La sfilata colorata e allegra dal centro della città fino ai Cantieri culturali. Chi c'era.

20 Giugno 2026, 20:06

Il lungo corteo del Pride invade Palermo, il sindaco Lagalla: "Il patrocinio? Una forma di rispetto"

Migliaia di persone hanno partecipato oggi al Palermo Pride, attraversando il centro cittadino in un lungo corteo colorato, animato da musica, bandiere e momenti di festa. La manifestazione è partita da via Roma, all’incrocio con corso Vittorio Emanuele, per poi attraversare le principali strade del centro fino ai Cantieri culturali della Zisa, dove in serata sono previsti spettacoli e iniziative conclusive. Lo slogan scelto per l’edizione 2026 è stato “Liberiamo il desiderio”.

Ad aprire la sfilata sei carri. In testa i ragazzi in sedia a rotelle del Disability Pride, seguiti dall’attivista Massimo Milani sulla sua immancabile bicicletta e da un gruppo di ragazze in moto. A guidare il corteo uno striscione portato dagli attivisti del Palermo Pride insieme a rappresentanti dell’amministrazione comunale.

Presente alla partenza della manifestazione il sindaco Roberto Lagalla, accompagnato dall’assessore Fabrizio Ferrandelli.
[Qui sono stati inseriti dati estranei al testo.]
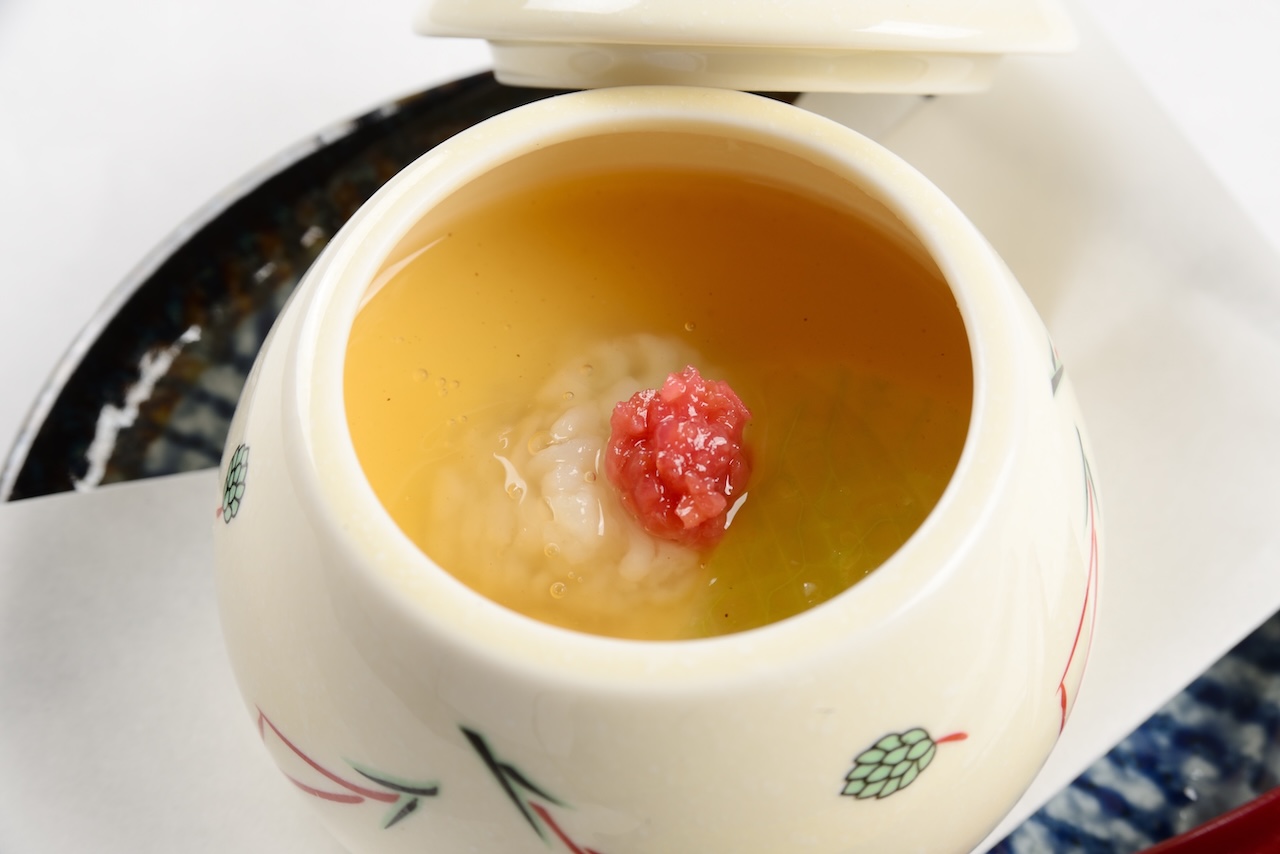 鱧と冬瓜の茶碗蒸しに銀餡と梅肉をのせて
Il primo cittadino ha ribadito le ragioni della presenza istituzionale e del patrocinio concesso dal Comune alla manifestazione. «Ho sempre dato il patrocinio da rettore e adesso da sindaco, nel rispetto delle sensibilità di tutti. Una democrazia si vede anche da questo. Non è un atto politico, è un gesto di rispetto anche nel rispetto delle opinioni diverse», ha affermato.
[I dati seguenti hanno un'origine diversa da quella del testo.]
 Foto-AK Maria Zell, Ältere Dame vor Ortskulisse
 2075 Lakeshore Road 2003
Lagalla ha sottolineato come il Palermo Pride sia ormai «un evento del palinsesto cittadino» e che la città risponda «in modo inclusivo e rispettoso verso tutti senza omologarsi». Rispondendo alle polemiche dei giorni scorsi, il sindaco ha aggiunto: «La Varchi fa un ragionamento politico, io mi sono astratto dalla politica per valutarlo come tale. Come sindaco sono garante di far esprimere tutte le sensibilità. La Varchi si preoccupa delle degenerazioni politiche e fa bene secondo me. In giunta nessuna spaccatura. Io dico che c’è un giorno all’anno in cui tutti abbiamo il diritto di pensarla diversamente, ma in realtà i giorni in cui la pensiamo diversamente sono molti di più». Le dichiarazioni arrivano dopo le tensioni emerse nella maggioranza di centrodestra sul patrocinio concesso alla manifestazione.
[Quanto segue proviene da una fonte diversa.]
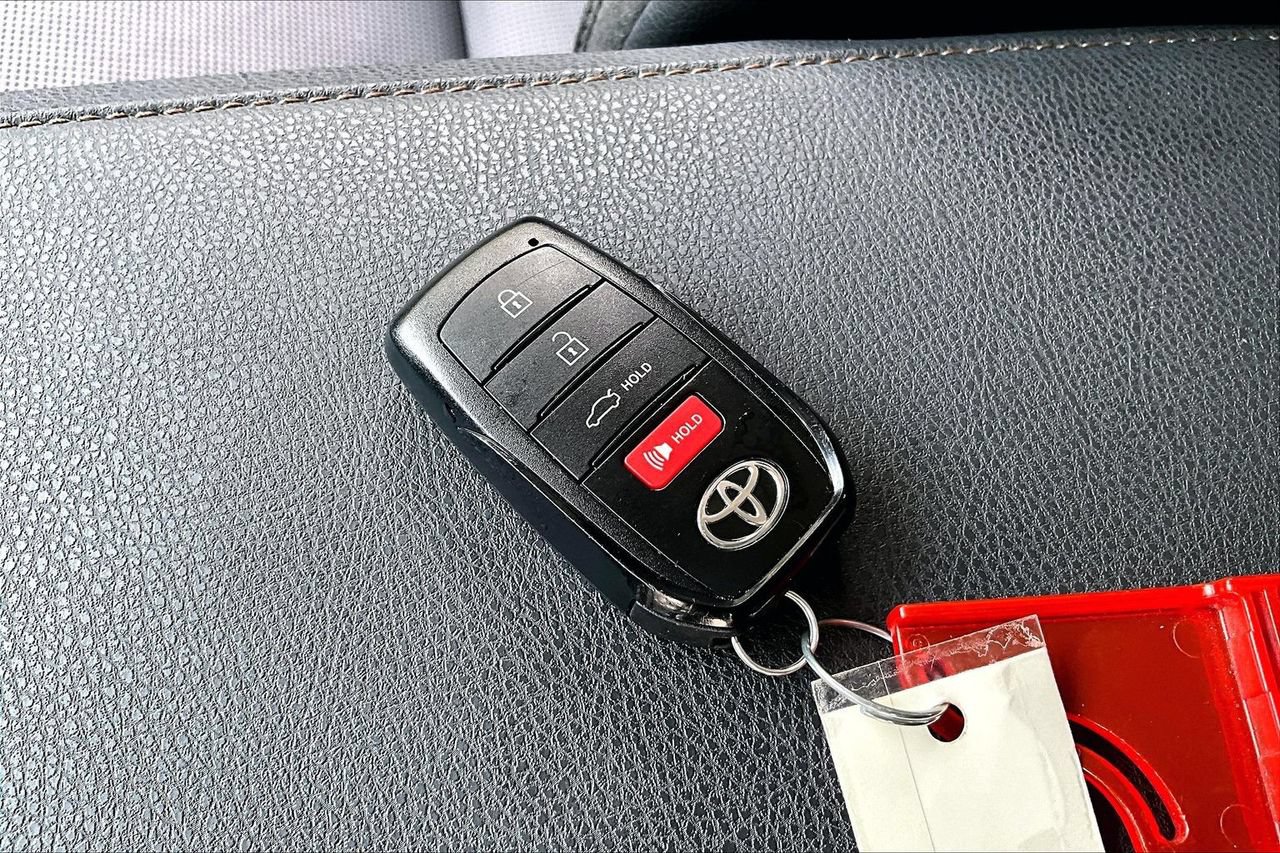 Used 2025 Toyota Camry XLE FWD image 34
Sul tema era intervenuta anche l’amministrazione comunale con una nota diffusa dall’assessore alla Cultura, secondo cui «l’amministrazione comunale ha il dovere di rappresentare l’intera comunità cittadina, nella sua pluralità e nelle sue diverse sensibilità. Governare una città significa lavorare per tutti i cittadini, garantendo a ciascuno ascolto, rispetto e pari dignità, senza distinzioni». Nella stessa nota si sottolinea come il patrocinio al Pride non comporti una condivisione integrale di tutti i messaggi espressi durante l’evento, ma rappresenti il riconoscimento del diritto di manifestare e dell’importanza dei diritti fondamentali della persona.

Accanto al sindaco anche l’assessore Fabrizio Ferrandelli, che nei giorni scorsi aveva ribadito la vicinanza dell’amministrazione alle rivendicazioni sui diritti civili, affermando che il Comune «sarà sempre in piazza al fianco di chi reclama più diritti e libertà».

Tra le novità dell’edizione 2026 anche la partecipazione dell’Asp di Palermo con una postazione informativa dedicata alla prevenzione sanitaria. Gli operatori hanno fornito informazioni sulle vaccinazioni contro Hpv ed epatiti e sui programmi di screening oncologico gratuiti offerti dal servizio sanitario.